In healthcare, meeting compliance standards is particularly arduous due to varying policies across state lines. Therefore, reviewing compliance audits is necessary to adhere to HIPAA security mandates.

4. REPORTING
Organizations should ensure that data visualization tools and reporting frameworks accurately reflect the underlying data and align with business needs. Assessing the performance and scalability of reporting systems to manage large data volumes efficiently is crucial. Developing standardized reporting templates and processes helps maintain consistency, reliability, and compliance. Furthermore, reviewing feedback mechanisms to identify and address any issues is key to fostering continuous improvement and enhancing the overall effectiveness of the reporting system.

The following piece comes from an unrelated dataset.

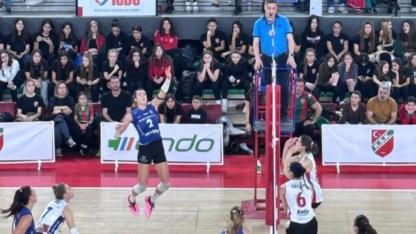 Çanakkale Belediyespor İzmir’de Takıldı! Setlerde Büyük Savaş, Kazanan Karşıyaka Oldu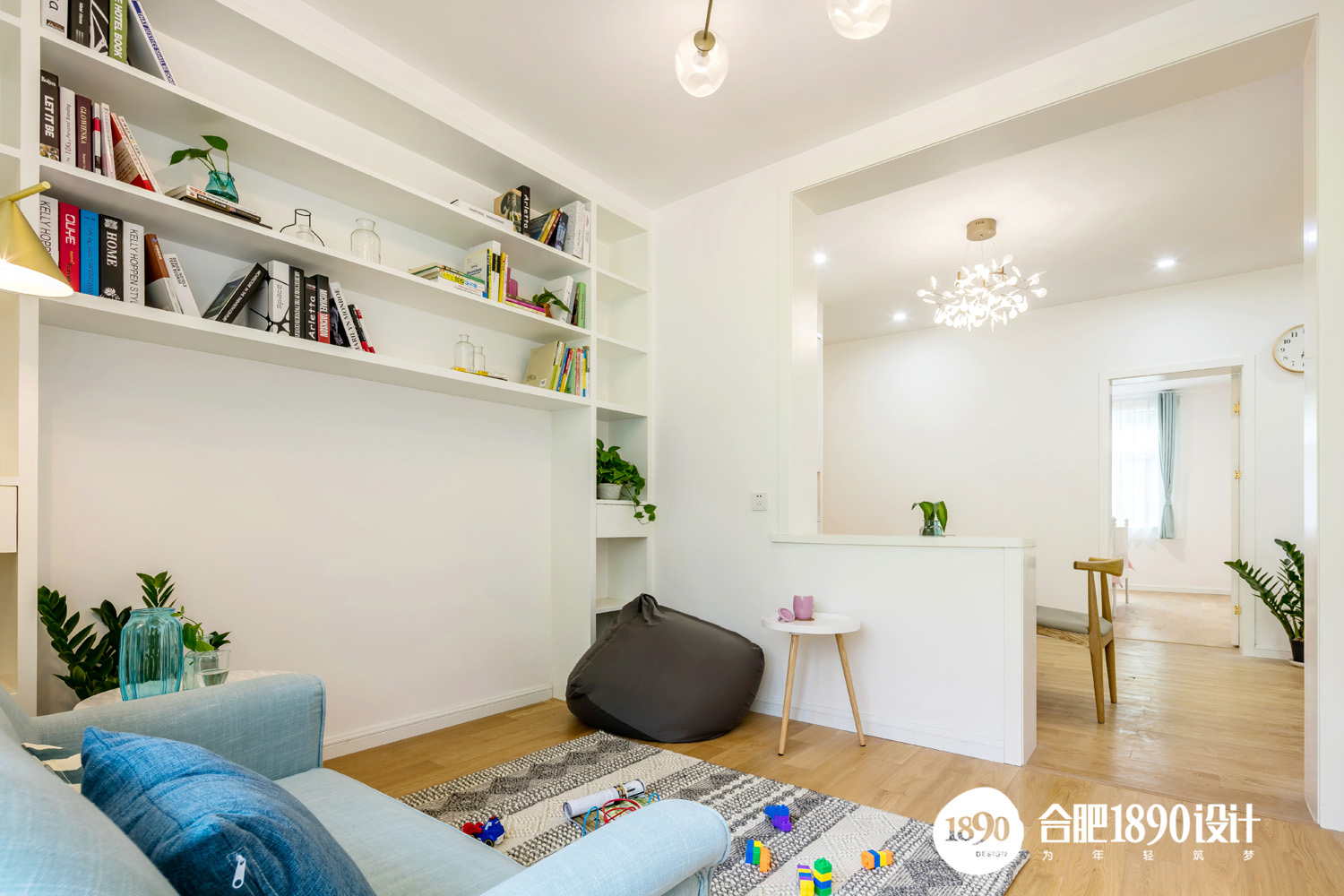 合肥市委大院老房改造-41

Exhibit 5Approach to Troubleshooting Data

Unlock the Power Today

Data inaccuracies can lead to significant consequences, including patient / provider dissatisfaction, financial risks, penalties, increased call center traffic, lost revenue from risk adjustments, and overpayments. Additionally, poor data quality prevents organizations from fully leveraging AI.
This paper highlights just a fraction. Many hidden problems may go unnoticed, such as delayed treatments, rising costs, interoperability challenges, and other factors that ultimately compromise patient care.
These issues often arise from data accuracy problems, worsened by outdated technology and manual processes. While upgrading
technology is essential, equal emphasis must be placed on ensuring data integrity. Relying on advanced technology without addressing data issues will fail to deliver true value.
Managing data requires a tailored approach. Kepler Cannon’s proven frameworks allow for comprehensive, standardized assessments of data maturity across the entire lifecycle. This enables us to identify, prioritize, and resolve data leakages with customized solutions designed to meet each organization’s unique needs.